If you are under 45 and live in America or Europe, the odds are this past year has been your first real experience with inflation. Other than a blip in 2008, inflation has barely topped 3% in the last 30 years.
But now inflation is back; up more than 8% last month, and it may get worse before it gets better. Some of the drivers of price increases today, supply chain disruptions and war in Ukraine, will eventually abate.
But there are reasons to believe we aren’t going back to 2% inflation anymore. The economy is different and the new baseline for inflation will be 4% or 5%.
Americans used to get along just fine when higher inflation was the norm. But the world is different now; 4% poses new costs and benefits to a new generation.
So what does it mean for living your life or conducting your business if inflation hovers between 4% and 5% instead of the 1.5% to 2.5% we’ve taken for granted for so long?
To paint that picture, we need to assume a reasonable degree of stability. If inflation is higher, but remains in a tight range, it won’t cause too much damage. The average inflation rate was 4% or 5% for many years and the economy still grew.
That said, much has changed since the late 1980s when inflation hovered around 4%. That rate is almost twice what people now are used to, and all segments of the economy will have to adapt.
Getting a pay raise was less critical when inflation was 1% or 2%. Employers got used to giving smaller increases. The last time inflation was high, unions negotiated annual cost-of-living raises built into the pay of many workers.
Now most will need to demand it for themselves. For workers who don’t — or can’t — negotiate raises that keep pace with inflation, their real compensation will shrink each year as their pay is worth less.
Even if you do get a decent raise, those increases generally come just once a year, while inflation happens continuously, eating away at your buying power.
Companies won’t get off easy either. They’ll face higher costs for labor, rent and the goods they use. They will need to increase their prices more frequently, which risks alienating their customers.
It puts smaller firms at a disadvantage, shifting demand to large companies with fatter profit margins that can afford to absorb some of the inflation so that they pass on less of the pain to the consumer.
Inflation will be a bigger problem for small business than it was in the 1980s because big firms dominate the market now — odds are your local mom-and-pop hardware store is already barely hanging on against Home Depot.

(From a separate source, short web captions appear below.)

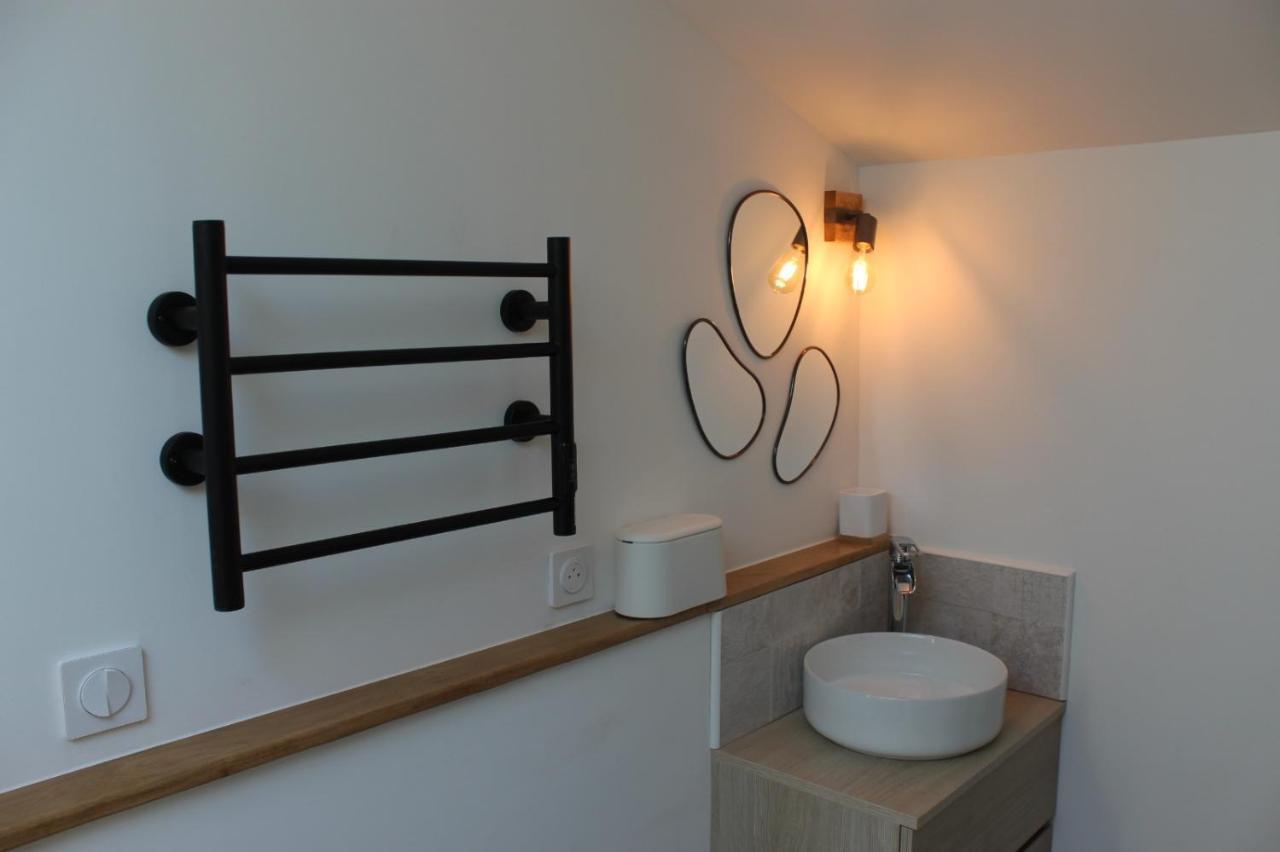 Studio Confort, Charme & Tranquilite Beaumont  Экстерьер фото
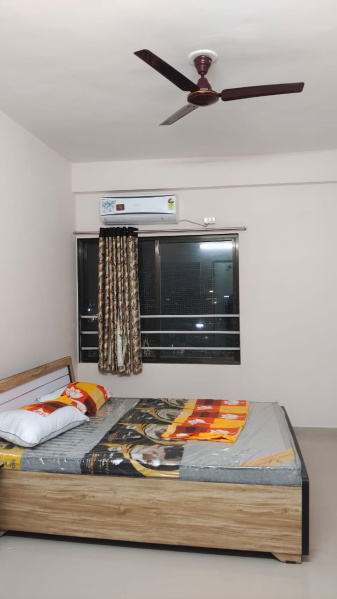 2 BHK 940 Sq.ft. Apartment for Rent in Vastral Sp Ring Road, Ahmedabad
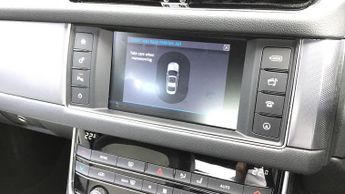 Jaguar XF 2.0d R-Sport 4dr Auto 163PS DAB Radio and Heated Seats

The online marketplace that brought prices down by increasing transparency will continue to make it harder to raise prices above competitors, which will be another strike against small companies.
Interest rates will go up because the Fed will raise rates to keep inflation in check, and investors will demand higher rates to compensate for inflation. That will mean more expensive mortgage loans.
That would usually weaken housing prices, but as long as demand outpaces supply — which we’re seeing now — and if the rental market continues to go up, you can’t count on housing prices falling.
However, if you already own a home with a fixed-rate mortgage, your wages will go up, while your monthly mortgage payment will stay the same, meaning your real housing costs will fall (though not your property taxes or upkeep costs).